Also provided by the present disclosure are methods. In one embodiment, a method includes providing a sample of DNA suspected of including single-stranded DNA including at least one 5-methyl cytosine (5mC), at least one 5-hydroxymethyl cytosine (5hmC), at least one 5-formyl cytosine (5fC), at least one 5-carboxy cytosine (5CaC), or a combination thereof; contacting the single-stranded DNA with a CpG binding protein and a cytidine deaminase (e.g., a wild type or altered cytidine deaminase) under conditions suitable for (i) conversion of 5-methylcytosine (5mC) to thymidine (T) by deamination at a greater rate than conversion of cytosine (C) to uracil (U) by deamination, to result in converted single-stranded DNA, or (ii) conversion of C to U by deamination and 5mC to T by deamination at a greater rate than conversion of 5-hydroxymethyl cytosine (5hmC) to 5-hydroxymethyl uracil (5hmU) by deamination; and processing the converted single-stranded DNA to produce a sequencing library.
In another embodiment, a method includes providing a sample of DNA suspected of including double-stranded DNA including at least one 5-methyl cytosine (5mC), at least one 5-hydroxymethyl cytosine (5hmC), at least one 5-formyl cytosine (5fC), at least one 5-carboxy cytosine (5caC), or a combination thereof; processing the double-stranded DNA to produce a sequencing library; denaturing the sequencing library to result in a single-stranded DNA; contacting the single-stranded DNA with a CpG binding protein and a cytidine deaminase (e.g., a wild type or altered cytidine deaminase) i) conversion of 5-methylcytosine (5mC) to thymidine (T) by deamination at a greater rate than conversion of cytosine (C) to uracil (U) by deamination, or (ii) conversion of C to U by deamination and 5mC to T by deamination at a greater rate than conversion of 5-hydroxymethyl cytosine (5hmC) to 5-hydroxymethyl uracil (5hmU) by deamination, to result in converted single-stranded DNA; and converting the converted single-stranded DNA to a converted double-stranded DNA sequencing library.
In one embodiment, a method can include detecting the location of a modified cytosine in a target nucleic acid. The method can include (a) contacting target nucleic acids suspected of including at least one modified cytosine with a CpG binding protein and an altered cytidine deaminase of claimorto produce converted nucleic acids including at least one converted cytosine; and (b) detecting the at least one converted cytosine in the converted nucleic acids of (a). The detecting can include sequencing the converted nucleic acids or hybridizing nucleic acid probes to the converted nucleic acids.
In embodiments where the detecting includes sequencing the converted nucleic acids, the method can further include comparing the sequence of the converted nucleic acids with an untreated reference sequence to determine which cytosines in the target nucleic acids are modified.
In embodiments where the detecting includes hybridizing the converted nucleic acids to nucleic acid probes, then the nucleic acid probes can be present on an analyte array, and the method can further include sequencing the hybridized converted nucleic acids.
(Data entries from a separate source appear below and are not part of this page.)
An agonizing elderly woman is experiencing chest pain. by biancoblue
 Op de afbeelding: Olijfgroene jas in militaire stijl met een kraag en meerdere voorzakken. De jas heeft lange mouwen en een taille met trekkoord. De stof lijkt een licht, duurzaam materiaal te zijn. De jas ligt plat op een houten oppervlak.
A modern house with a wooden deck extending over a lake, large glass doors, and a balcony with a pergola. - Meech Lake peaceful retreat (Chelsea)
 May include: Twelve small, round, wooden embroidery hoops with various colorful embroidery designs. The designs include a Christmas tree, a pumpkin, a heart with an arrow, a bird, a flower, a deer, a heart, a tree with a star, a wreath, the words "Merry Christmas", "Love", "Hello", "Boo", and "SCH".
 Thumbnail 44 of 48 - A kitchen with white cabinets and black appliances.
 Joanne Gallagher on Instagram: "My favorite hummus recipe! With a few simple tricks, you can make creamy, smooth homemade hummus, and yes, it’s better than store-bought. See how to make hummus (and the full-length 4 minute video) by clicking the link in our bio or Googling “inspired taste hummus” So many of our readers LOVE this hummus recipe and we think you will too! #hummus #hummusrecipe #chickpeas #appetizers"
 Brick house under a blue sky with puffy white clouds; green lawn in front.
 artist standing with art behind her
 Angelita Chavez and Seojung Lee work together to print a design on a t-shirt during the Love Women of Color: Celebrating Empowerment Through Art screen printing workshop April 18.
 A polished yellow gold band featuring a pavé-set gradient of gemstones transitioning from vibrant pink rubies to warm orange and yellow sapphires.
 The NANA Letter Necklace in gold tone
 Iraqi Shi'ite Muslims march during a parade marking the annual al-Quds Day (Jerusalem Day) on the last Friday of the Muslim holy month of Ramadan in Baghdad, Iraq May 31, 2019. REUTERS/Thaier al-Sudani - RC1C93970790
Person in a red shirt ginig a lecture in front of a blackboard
In another embodiment the method can further include amplifying the converted nucleic acid, where the nucleic acid probes include two primers for amplification of a predetermined sequence, where the primers anneal to regions of converted nucleic acids including at least one converted cytosine with a greater affinity than to the regions of converted nucleic acids where at least one cytosine is not a converted cytosine, and where the presence of an amplified product is indicative of a modified cytosine in the target nucleic acid. In another embodiment the method can further include cleaving a single stranded DNA (ssDNA) reporter substrate by a CRISPR-based system, where the ssDNA reporter substrate includes a fluorophore and a quencher, where the presence of fluorescence is indicative of a modified cytosine in the target nucleic acid. In another embodiment the converted nucleic acids can be present in a fixed cell, where the nucleic acid probes include a fluorescent labeled probe, and where the nucleic acid probes anneal to a predetermined sequence of converted nucleic acids including at least one converted cytosine with a greater affinity than to the regions of converted nucleic acids where at least one cytosine is not a converted cytosine, where the presence of cell-associated fluorescence is indicative of a modified cytosine in the target nucleic acid.
In one embodiment of detecting the location of a modified cytosine in a target nucleic acid, the target nucleic acids can be obtained from a subject, and the detecting can include obtaining a pattern of cytosine modification in the converted nucleic acids. In some embodiments, the method can further include comparing the pattern of cytosine modification in the converted nucleic acids with the pattern of cytosine modification in a reference nucleic acid. For instance, the subject can be one that has or is at risk of having a disease or condition, and the reference nucleic acid can be from a normal subject. In one embodiment, a pattern of cytosine modification is linked in-cis to a coding region that is correlated with a disease or condition. For instance, the pattern of cytosine modification is linked in-cis to a coding region, where the coding region in the reference nucleic acid is transcriptionally active or transcriptionally inactive. The comparing can further include determining if the pattern of cytosine modification of the converted nucleic acid indicates the coding region is transcriptionally active or transcriptionally inactive in the subject. The transcription of the coding region can be correlated with a disease or condition.
For any method disclosed herein that includes discrete steps, the steps may be conducted in any feasible order. And, as appropriate, any combination of two or more steps may be conducted simultaneously.
The above summary of the present disclosure is not intended to describe each disclosed embodiment or every implementation of the present disclosure. The description that follows more particularly exemplifies illustrative embodiments. In several places throughout the application, guidance is provided through lists of examples, which examples can be used in various combinations. In each instance, the recited list serves only as a representative group and should not be interpreted as an exclusive list.
In another aspect, the present disclosure presents a method that includes oxidation of modified cytosines with, for instance, a ten-eleven translocase (TET) protein. The inventors have found that the presence of unmethylated cytosines inhibit the oxidation, and the inclusion of CpG binding protein reduces the inhibition.
Terms used herein will be understood to take on their ordinary meaning in the relevant art unless specified otherwise. Several terms used herein, and their meanings are set forth below.
Terms used herein will be understood to take on their ordinary meaning in the relevant art unless specified otherwise. Several terms used herein and their meanings are set forth below.
As used herein, the terms “organism,” “subject,” are used interchangeably and refer to microbes (e.g., prokaryotic or eukaryotic) animals and plants. An example of an animal is a mammal, such as a human.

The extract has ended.